Betting Against The Casinos
Fifty years ago, Australia allowed its first legal Casino: not knowing what we were in for. Hugh Lunn was there and knew what was coming.
It’s not just the people at the top of the Casino pile who break all the rules to rake in more money from their brightly-coloured felt tables.
Such rule-breaking starts down on the gambling tables themselves: even before management upstairs has had their go. In my experience on the gambling floor in casinos around the world in the 1960s -- before they were legalised in Australia -- all casinos cheat.
Some on the gambling floor, and, as we have seen in recent Casino inquiries in four states, some at the top.
Australia was extremely naïve about casinos on February 10 1973 when we allowed the first legal one to open at Wrest Point. Our legislators knew absolutely nothing about how they operated, as casinos had been banned in Australia since federation because of a fear they would lead to corruption at the top; and misery at the bottom.
Even toy roulette wheels were banned here.
That opening was such a momentous event that The Australian flew me down from Brisbane to Hobart.
On arrival, I soon realised our casinos were going to be just as profligate as all the ones I’d frequented overseas – the casino sent a Rolls Royce out to Hobart Aerodrome to pick me up! First and last time that ever happened. This brand-new Roller had been imported especially for the use of world-famous comedian Jerry Lewis who had been flown from the USA as the opening attraction in the Wrest Point cabaret.
The Roller was there just for the chauffeur to take Jerry to the golf course: luckily for me, Jerry had decided not to play that day.
In every casino, the rules are inevitably broken because there is just so much money lying around on tables in front of everyone, looking at them. Sitting in neat stacks of otherwise worthless coloured plastic tokens... which are continually exchanged for cash, no questions asked.
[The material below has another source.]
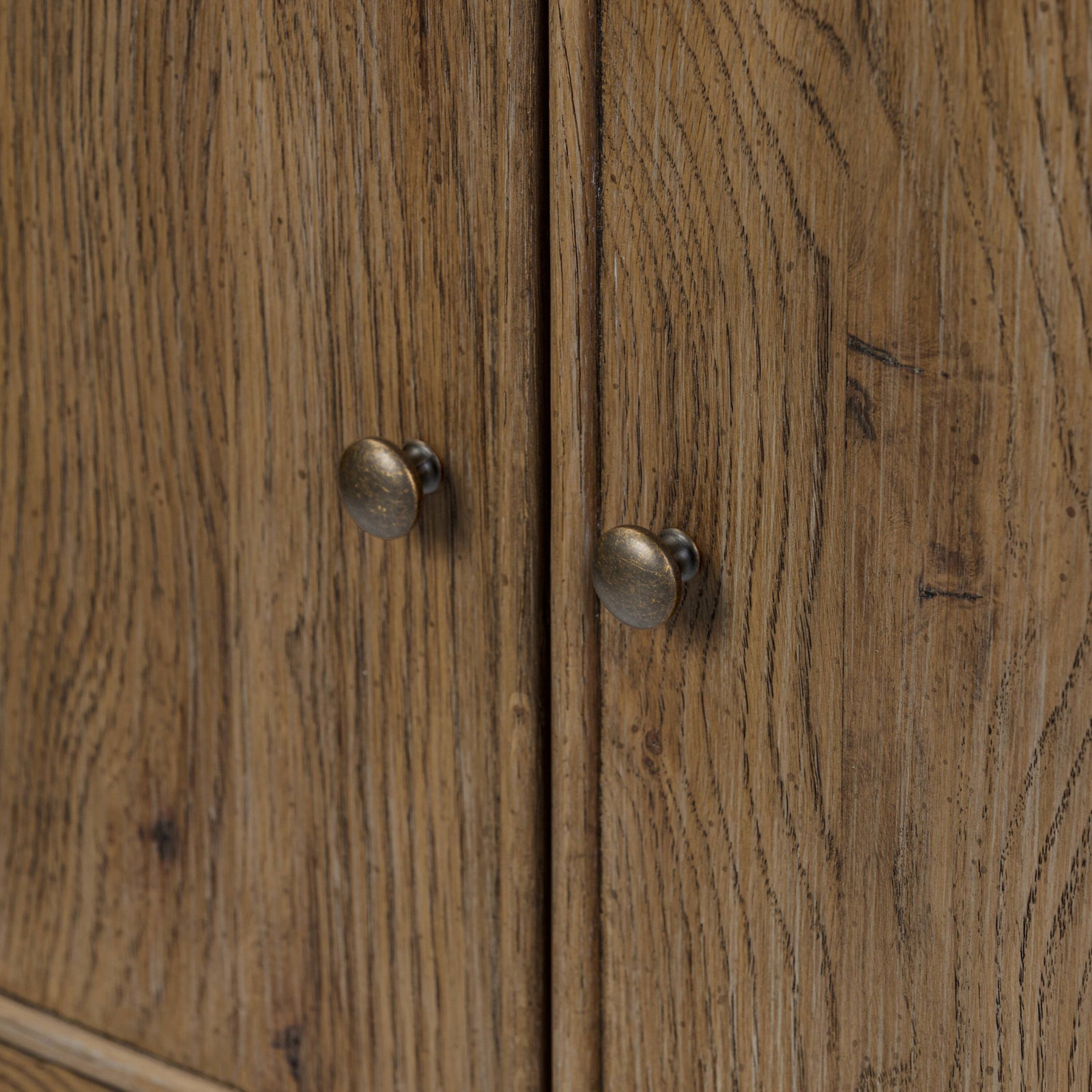 Bari Sideboard, Weathered Oak Veneer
Despite all that money, in the 1960s few gamblers sitting at the roulette wheel seemed to notice what was happening right under their noses. Instead, they painstakingly noted down each number every time the little ivory ball fell into a slot…on cards kindly supplied by the casino.
Everyone was trying to devise a winning system to beat the simple rules of arithmetic, as if the next spin of the wheel could possibly bear some relationship to the numbers that had gone before. It doesn’t.
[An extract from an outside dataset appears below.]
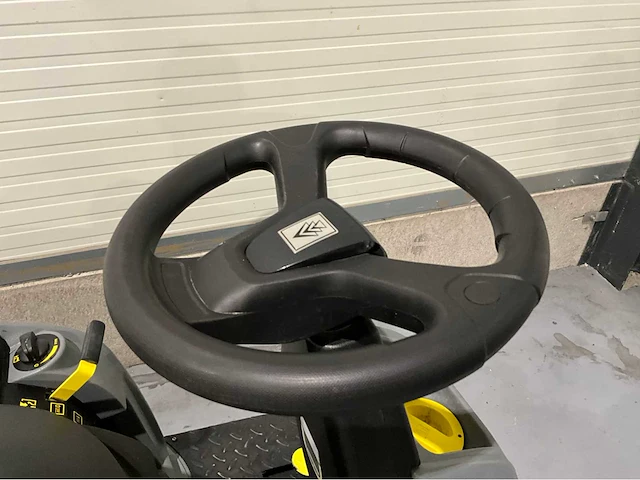 Kärcher b90 r bp pack zelfrijdende opzit schrob-zuigmachine - afbeelding 4 van  12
The gamblers should have, instead, been watching the wheel and its croupiers very closely if they wanted to learn how to win.
Firstly, when approaching a roulette table, you should note that the numbers around the spinning wheel appear to be in disarray and not in any logical order, but in fact the order of the numbers – 6, 27, 13, 36, 11 etc – is very deliberate.
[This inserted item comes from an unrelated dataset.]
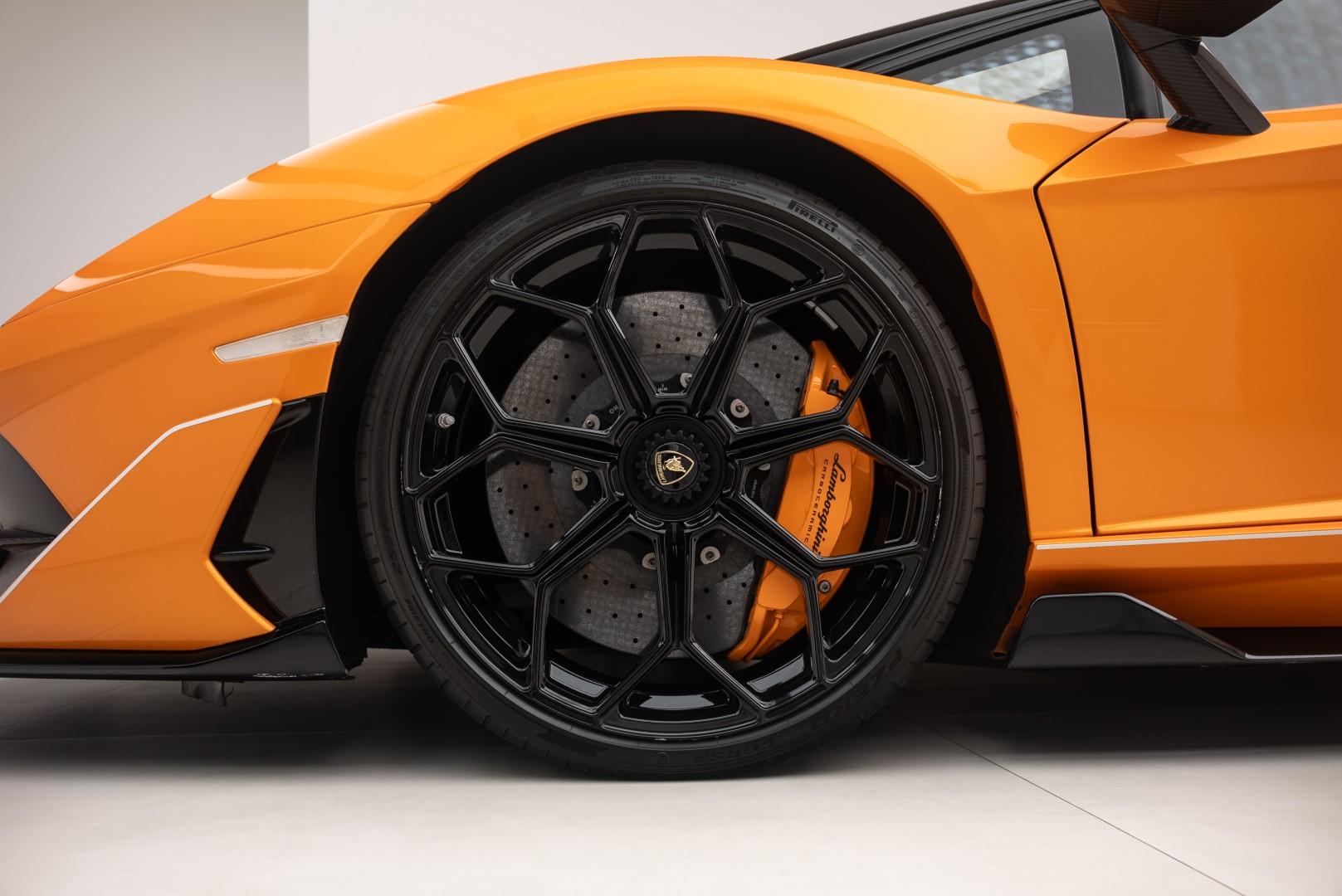 2021 LAMBORGHINI AVENTADOR SVJ ROADSTER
Half of the numbers, of course, are red – and the other half black… with the wicked trick of a 37th number in green, which is Zero.
This Zero is “the casino’s number” because it ensures that gamblers who put money on red or black (at even money) still have an extra near 3 percent chance of doing their dough. And, while the payout if you bet on just the one number, and it comes up, is a huge 35-to-one – the little green Zero still leaves the casino with their profit margin over time.
Of course, you can back Zero if you wish – but the casino’s profit margin still applies as there are still 36 numbers against you on a 35 to 1 bet.
There is method in all this madness.
Roulette was devised by the French so that neither the skill of the croupier nor any bias in the wheel could affect the fall of the ball.
Therefore, both halves of the wheel contain half the red and half the black numbers. Thus, any favoured point on the wheel cannot conclusively favour red or black. Similarly, since you can also put your chips (at even money) on 1 to 18 (manque) or 19-36 (passe) each side of the wheel has the same proportion of numbers below and above 18. It’s the same with odd or even numbers – you can back “pair” or impair” at even money – but the wheel separates odd and even numbers so that no more than two of a kind are next to each other.
You can also bet on a block of six numbers (at 5 to 1) but the wheel is designed so that no such block of numbers is contained in any particular part of the spinning wheel.
The roulette betting mat on which you place your chips contains 36 numbers arranged in three columns of 12… and, on either side, a box with a red diamond for bets on the red numbers and a similar box on the other side for black bets. There are also boxes opposite each other for backing odd or even numbers … and one for numbers below or above 18.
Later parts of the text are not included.